Objectives: To study the expression of adhesion molecules in Systemic Sclerosis (SSc) patients with and without pulmonary arterial hypertension (PAH) and the effects of therapy with the endothelin-1 (ET-1) receptor antagonist, bosentan.
Methods: Thirty-five SSc patients and 25 healthy donors (HD) were selected for this study. Ten of 35 patients had isolated PAH assessed by Doppler echocardiography and treated with bosentan. PB lymphocytes were isolated by density gradient centrifugation, and the expression of LFA-1, VLA-4, L-selectin on CD3 T cells was assessed by double immunofluorescence and flow-cytometry. As endothelial activation markers, serum soluble P-selectin, PECAM, VCAM-1, ICAM-1, and vWF antigen were assessed by ELISA. In SSc-PAH patients, T cell subsets and soluble endothelial markers were assessed at baseline and after 6 and 12 months of bosentan therapy.

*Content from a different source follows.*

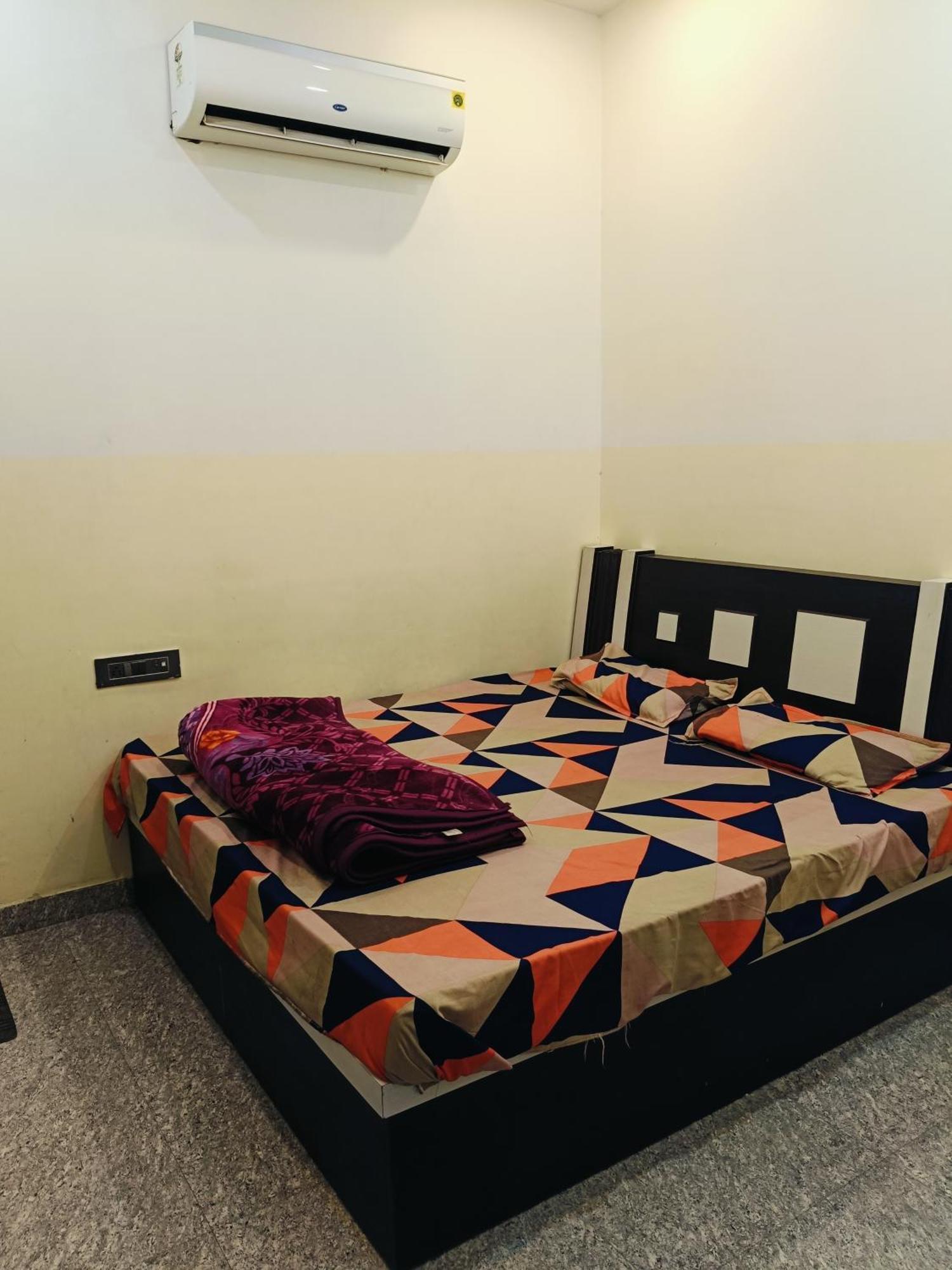 Jai Hanuman Guest House Palsana  Exterior photo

Results: In SSc-PAH patients, serum soluble ICAM-1, VCAM-1, P-selectin, and PECAM levels were higher than in HD at baseline and fell to normal values after 12 months of bosentan therapy. CD3-LFA1 T cells were significantly higher in PAH-SSc at baseline than in HD or SSc and significantly decreased after therapy. CD3-Lselectin T cells were significantly lower in SSc-PAH at baseline than in HD or SSc and rose to normal levels after bosentan therapy.
Conclusions: This study confirms that endothelial activation occurs in SSc, and suggests that changes in the T-cell/endothelium interplay take place in SSc-associated PAH. Bosentan seems to be able to hamper these changes and restore T cell functions in these patients.